Appendix C: Update Athena Query to Match Amazon Personalize Interaction Schema - Amazon Personalize Optimizer Using Amazon Pinpoint Events

Appendix C: Update Athena Query to Match Amazon Personalize Interaction Schema

This solution assumes a particular schema for your Amazon Personalize interaction dataset. If your schema is different, the solution’s AWS Lambda function that imports the data will fail to run. To correct the issue, update or rewrite the Amazon Athena query to retrieve the correct values that matches your schema.

The following code snippet shows the SELECT statement in the Amazon Athena query that is deployed with this solution. Running this query generates a CSV file with the following fields: USER_ID, ITEM_ID, EVENT_TYPE, EVENT_VALUE, and TIMESTAMP. These fields must match the interaction dataset schema.

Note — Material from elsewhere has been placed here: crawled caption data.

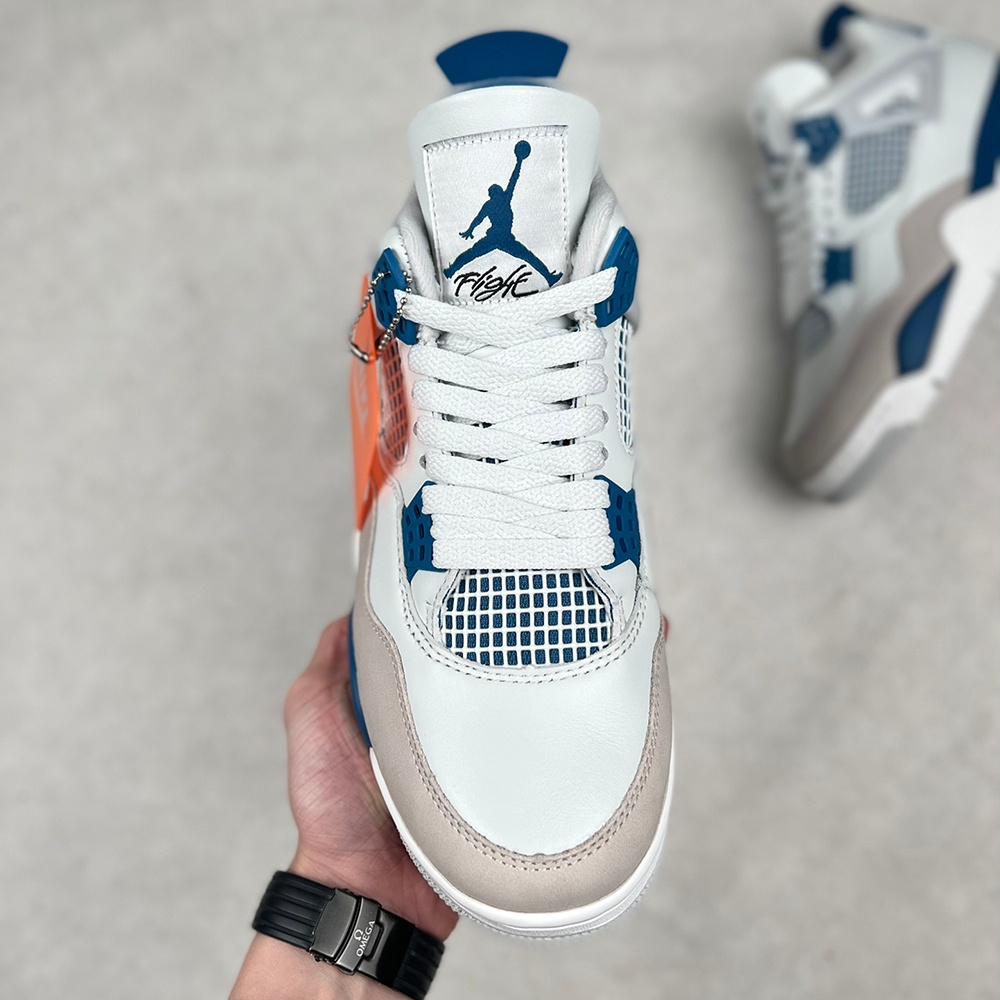 Jordan 4 Retro Military Blue (2024)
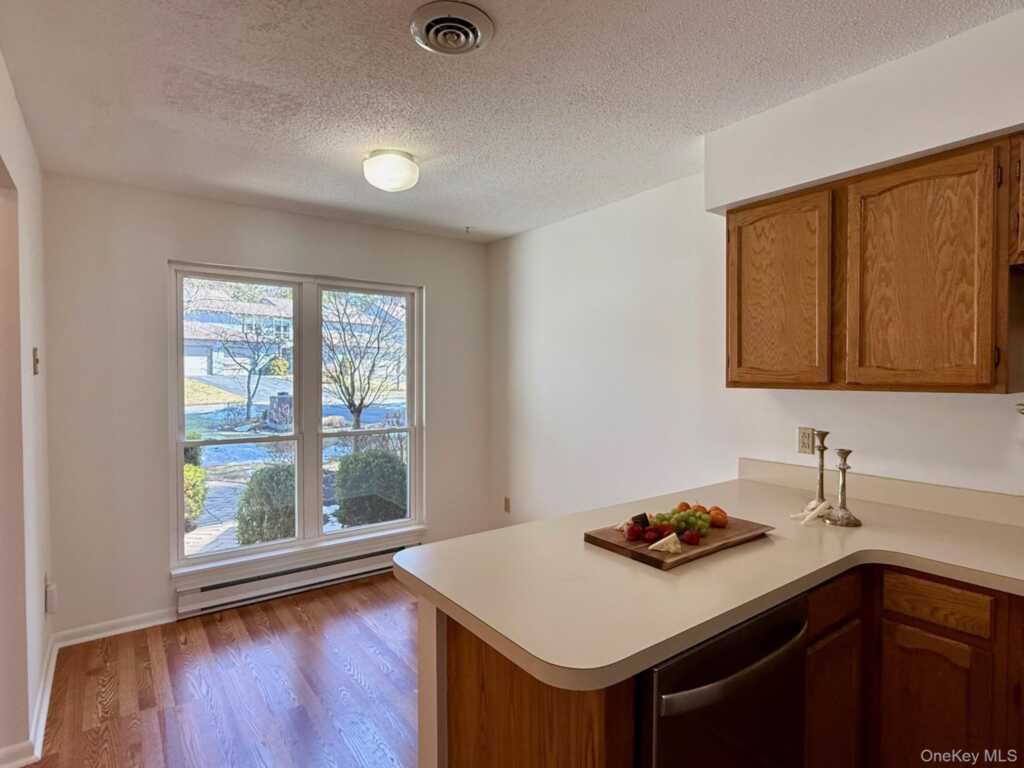 14 Pond Drive, Rhinebeck, NY 12572 - Photo 4 of 24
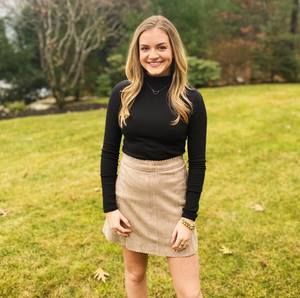 Meet your Posher, Caroline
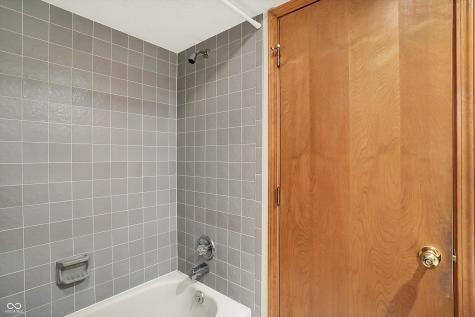 11471 Clarkston Road Zionsville IN 46077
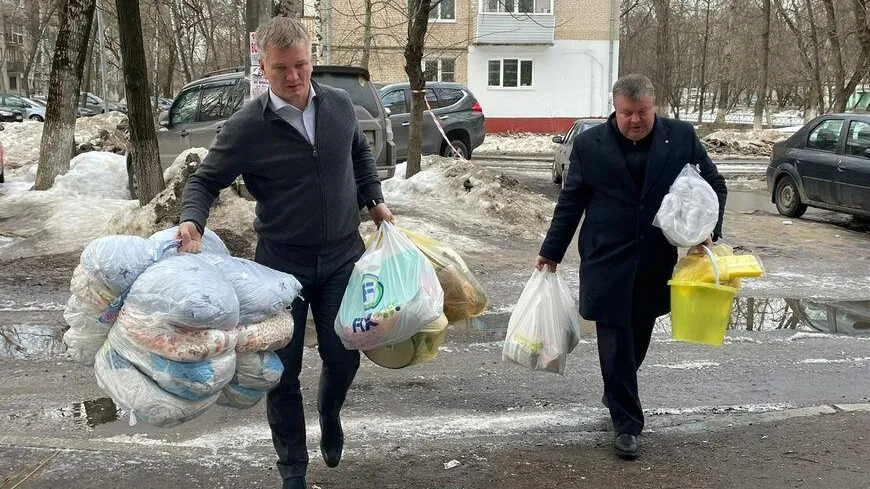 Депутат Мособлдумы Дениско оказал гуманитарную помощь семье из ЛНР в Люберцах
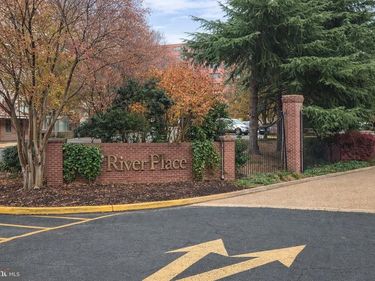 1121 ARLINGTON BOULEVARD, Unit 703, ARLINGTON, VA 22209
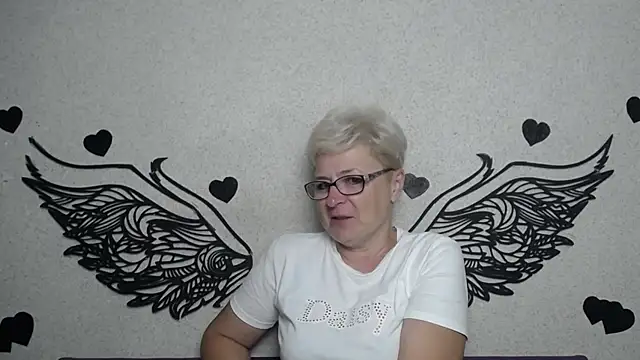 EmiliaGree online show from 12, 9, 2025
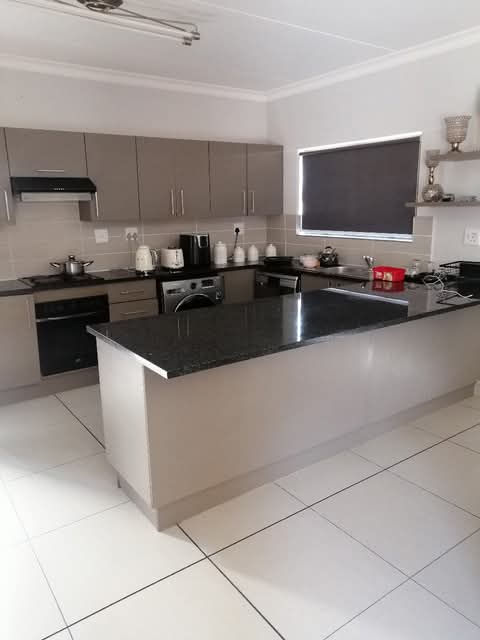 3 bedroom house with a swimming pool availabl  in Centurion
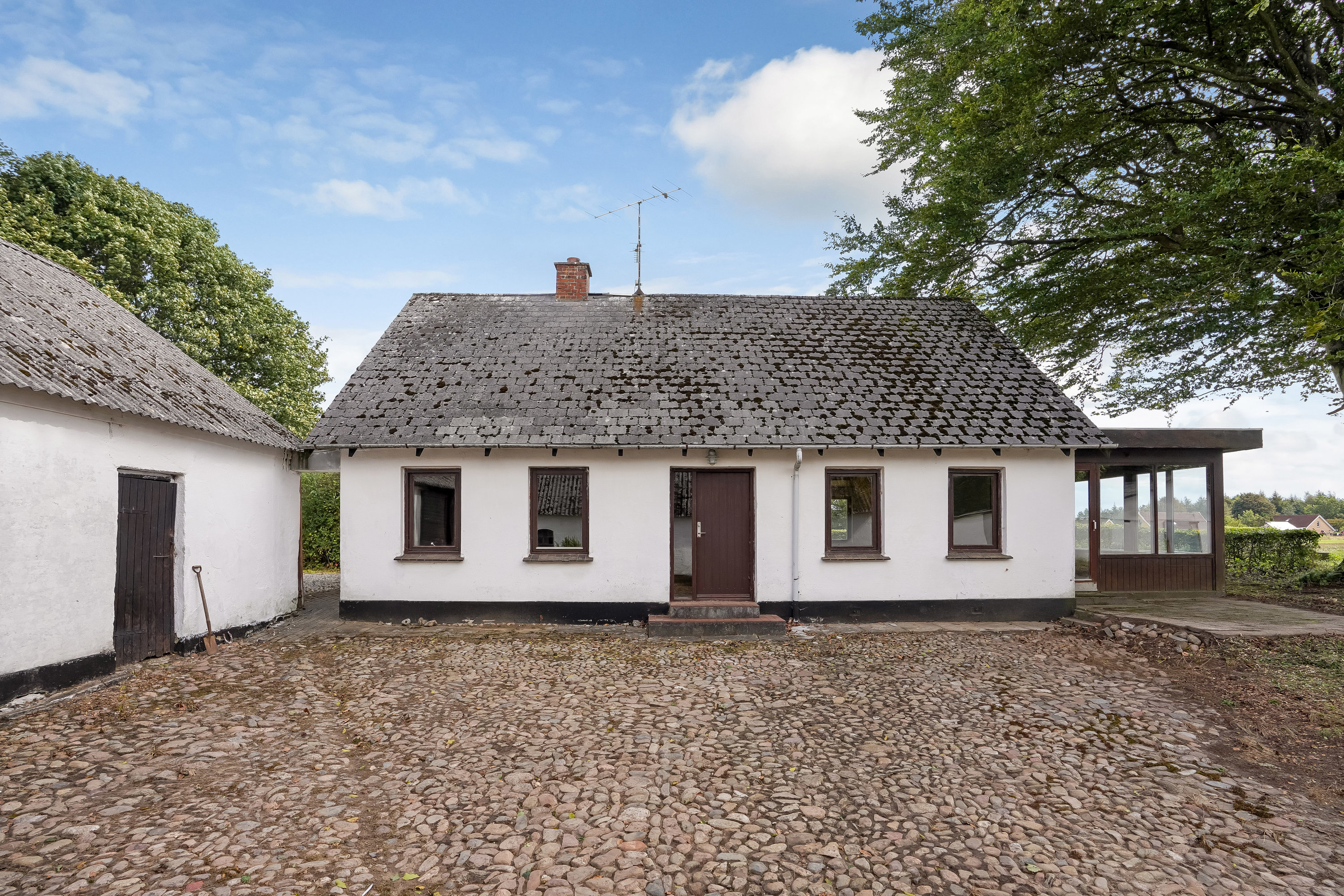 Fremhævet ejendommen billede i fuldskærmstilstand. Billede af Herningvej 11, 7300 Jelling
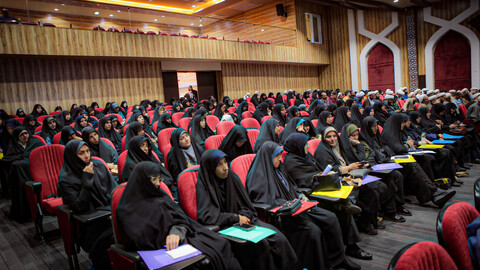 تصاویر/برگزاری همایش مبلغین استان همدان با حضور اعضای شورای عالی حوزه‌های علمیه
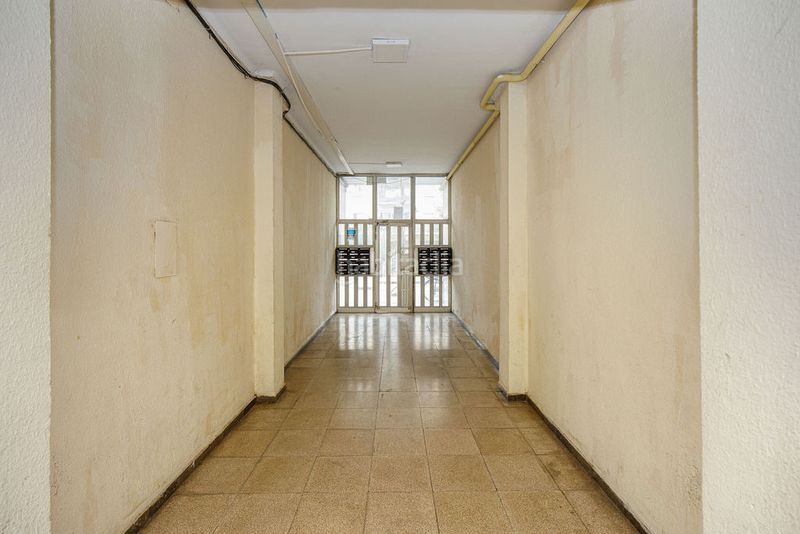 Foto a84b7179-0051-468b-9c5d-373ea56176bc. Piso en Barri dels Escriptors Salt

SELECT r.personalize_user_id as USER_ID, r.item_id AS ITEM_ID, b.event_type AS EVENT_TYPE, v.EVENT_VALUE, CAST(to_unixtime(b.arrival_timestamp) AS BIGINT) AS TIMESTAMP FROM endpoint_export a INNER JOIN recs r ON a.id = r.endpoint_id INNER JOIN evs b ON a.id = b.endpoint_id AND r.campaign_id = b.campaign_id INNER JOIN event_value v ON b.event_type = v.event_type

To update the Amazon Athena query, first create a new query. Next, in the AWS Lambda function QueryAugmentStartLambda, update the environmental variable NAMED_QUERY with the query ID of the Lambda function.

For example, if your interaction schema contains only the required fields: USER_ID, ITEM_ID, and TIMESTAMP, then the query’s final SELECT statement may be updated as shown in the following code snippet.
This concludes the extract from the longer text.